On February 27, 2020, I heard the three little words every 41-year-old woman with a history of injuries longs to hear: You are cleared.

I’d just spent 12 months recovering from a surgery that promised to restore my shoulder to the joint it had been before a lifetime of sports erased most vestiges of rotator cuff, labrum, and tendon. So when my physical therapist released me to climb, lift, run, and compete at beach volleyball again, I was ecstatic. I. Was. Back.

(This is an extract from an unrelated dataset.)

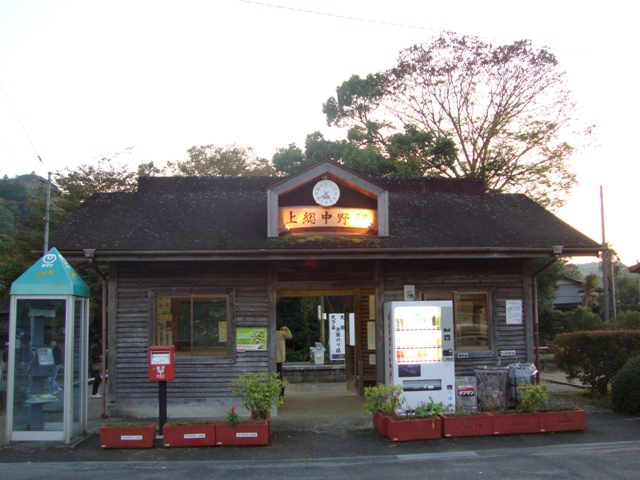 渓谷ハイキング_a0126590_22204634.jpg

Photo courtesy of Kasey Cordell

For two weeks.

Then COVID-19 arrived and shuttered gyms, courts, tournaments, and all other endorphin-infused environments where the virus might lurk. While the pragmatist in me understood, the competitor in me bristled. I’d spent most of 2019 watching other athletes get stronger, faster, and better as I sat on the sidelines. I wasn’t about to let some viral rival ruin my return to glory; I vowed to come out of the pandemic better than ever.

While many raided Costco for toilet paper and hand sanitizer, I unburdened Big 5 of its dumbbells, kettlebells, and mats. I installed a pull-up bar in our hallway. I joined an online gym. I held myself to the same six-day workout schedule I had before my shoulder went the way of mass gatherings.

Except I wasn’t the same athlete. About the time Governor Jared Polis rolled back his stay-at-home mandate (day 46), I woke up to a knee so swollen (box jumps) none of my pants fit. I watched the elections unfold (days 237 to 240) while icing an inflamed elbow (pull-ups). By the time rioters descended on the Capitol (day 301), I had started to wonder, Are you really an athlete if you’re always injured?

I started walking more and running less. I put down the heavy weights and picked up a mountain bike. I started my mornings with physical therapy. I got scrawny. I didn’t care (too much), because I also stopped waking up in pain.

Make no mistake: I still get the shakes if I go more than two days without sweating. But today (day 691), the workouts look different. I still lift weights (not as heavy). I climb (not as hard). I play beach volleyball (not as well). And every morning, I do PT and try to accept wherever I am.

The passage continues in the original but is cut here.